こんにちは!
今回は日本神話より天羽槌雄命を紹介するよ!
天羽槌雄命?
どんな役割をもつ神さまなの?
彼は機織りの祖神として信仰される一方、
武神としての側面も持つと考えられているよ!
「天岩戸神話」にも登場するぞい
ではさっそくいってみよう!
このシリーズでは、忙しいけど日本神話についてサクっと理解したいという方向けに、「かんたん・わかりやすい」がテーマの神々の解説記事をお送りしています。
超個性的な八百万の神々が織りなす、笑いあり、涙ありのトンデモぶっ飛びストーリーが、あなたに新たなエンターテイメントとの出会いをお約束します。
人間味溢れる自由奔放な神々の色彩豊かで魅力的な物語に、ぜひあなたも触れてみてくださいね。
今回は、美しい織物を生み出す神霊として『天岩戸神話』(『古語拾遺』ver.)で活躍したほか、名だたる武神でも抑えられなかったまつろわぬ者を屈服させた武闘派の機織りの神、天羽槌雄命をご紹介します!
忙しい人はコチラから本編にすっ飛びじゃ
この記事は、以下のような方に向けて書いています。
- 日本神話にちょっと興味がある人
- 日本神話に登場する神さまのことをざっくり知りたい人
- とりあえず誰かにどや顔でうんちく話をしたい人
- 日本神話に登場する「天羽槌雄命」について少し詳しくなります。
- あなたのエセ教養人レベルが1アップします。
そもそも「日本神話」って何?
「日本神話」とは、ざっくり言うと「日本ってどうやって生まれたの?」を説明してくれる物語です。

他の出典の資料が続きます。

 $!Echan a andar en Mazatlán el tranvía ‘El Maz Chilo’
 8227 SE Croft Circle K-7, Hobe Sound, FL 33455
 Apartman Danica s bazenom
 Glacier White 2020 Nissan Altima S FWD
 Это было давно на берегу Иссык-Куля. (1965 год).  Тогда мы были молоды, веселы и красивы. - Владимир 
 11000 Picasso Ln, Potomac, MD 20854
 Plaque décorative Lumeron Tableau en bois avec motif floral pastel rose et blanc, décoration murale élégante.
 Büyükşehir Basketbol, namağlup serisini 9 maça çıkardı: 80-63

原初の神々や日本列島の誕生、個性豊かな神さまが活躍する冒険譚や、彼らの血を引く天皇たちの物語が情緒豊かに描かれています。
現代の私たちが知る「日本神話」の内容は、『古事記』と『日本書紀』という2冊の歴史書が元になっています。
これらは第四十代天武天皇の立案で編纂が開始され、それぞれ奈良時代のはじめに完成しました。
国家事業として作られた以上、政治的な色合いがあることは否めませんが、堅苦しくて小難しいかと思ったらそれは大間違い。

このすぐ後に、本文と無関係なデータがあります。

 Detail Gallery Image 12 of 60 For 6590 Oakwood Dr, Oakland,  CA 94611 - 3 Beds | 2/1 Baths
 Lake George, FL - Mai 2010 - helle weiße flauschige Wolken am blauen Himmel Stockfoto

強烈な個性を持つ神々がやりたい放題で引き起こすトラブルや恋愛模様は、あなたをすぐに夢中にさせることでしょう。
「日本神話」の全体像は、以下で解説しているよ!
さぁ、あなたも情緒あふれる八百万の神々が住まう世界に、ともに足を踏み入れてみましょう。
天羽槌雄命ってどんな神さま?
天羽槌雄命(以下、アメノハヅチオ)がどんな神さまなのか、さっそく見ていきましょう。
いくぜっ!!
簡易プロフィール
正式名称 | 天羽槌雄命 Amenohaduchionomikoto |
---|---|
別称 | 建葉槌命 天羽雷命 倭文神 倭文神 ほか |
神格 | 織物の神 機織りの祖神 |
性別 | 男性 |
勢力 | 天津神 |
親 | 天日鷲命 |
兄弟姉妹 | 天白羽命 (長白羽神) |
配偶者 | 不明 |
子 | 不明 |
神徳(ご利益) | ・織物業の守護 ・商売繁盛 ・産業開発の守護 ・安産など |
神社 | 倭文神社 静神社ほか ※別途詳述 |
誕生と家族、出自
アメノハヅチオは日本神話に登場する機織りの祖神です。
彼は主に『古語拾遺』の中で活躍する神さまで、『日本書紀』では建葉槌命や倭文神とも呼ばれています。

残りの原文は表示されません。